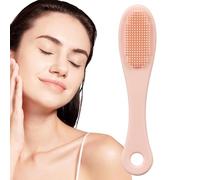 Brosse faciale en silicone | Brosse à main en silicone avec couvercle pour les doigts, brosse de lavage du visage respectueuse de la peau pour la maison, épurateur peu encombrant pour Eli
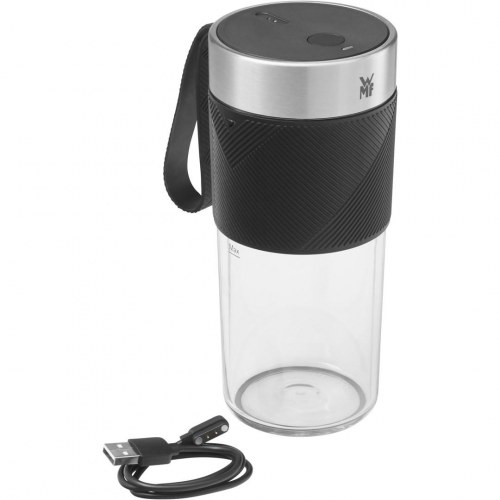 Blender to go – WMF KITCHENminis, 0,3 l, 50 W, sort/rustfrit stål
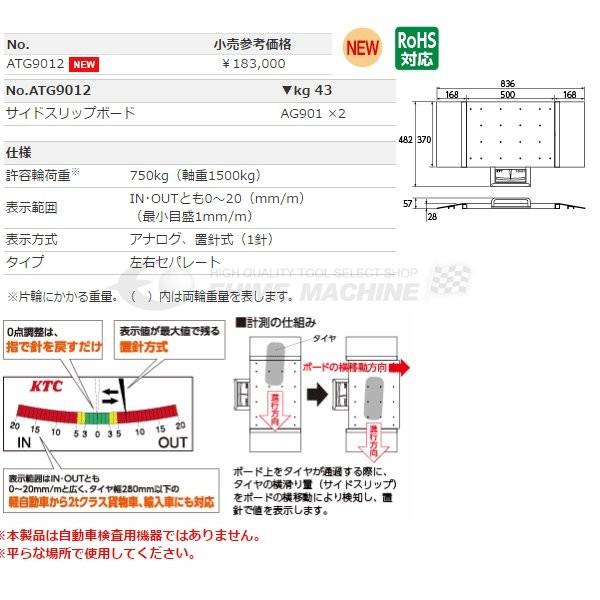 KTC サイドスリップボードセット ATG9012｜ehimemachineyshop｜03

□ □ □ □ □

• WHAT TO WORK ON: Only the lines from the first line of the data above through the line with "Blender to go" should appear in the answer, retyped exactly, with every picture left out.

• RESPONSE BELOW:
 Brosse faciale en silicone | Brosse à main en silicone avec couvercle pour les doigts, brosse de lavage du visage respectueuse de la peau pour la maison, épurateur peu encombrant pour Eli
 Blender to go – WMF KITCHENminis, 0,3 l, 50 W, sort/rustfrit stål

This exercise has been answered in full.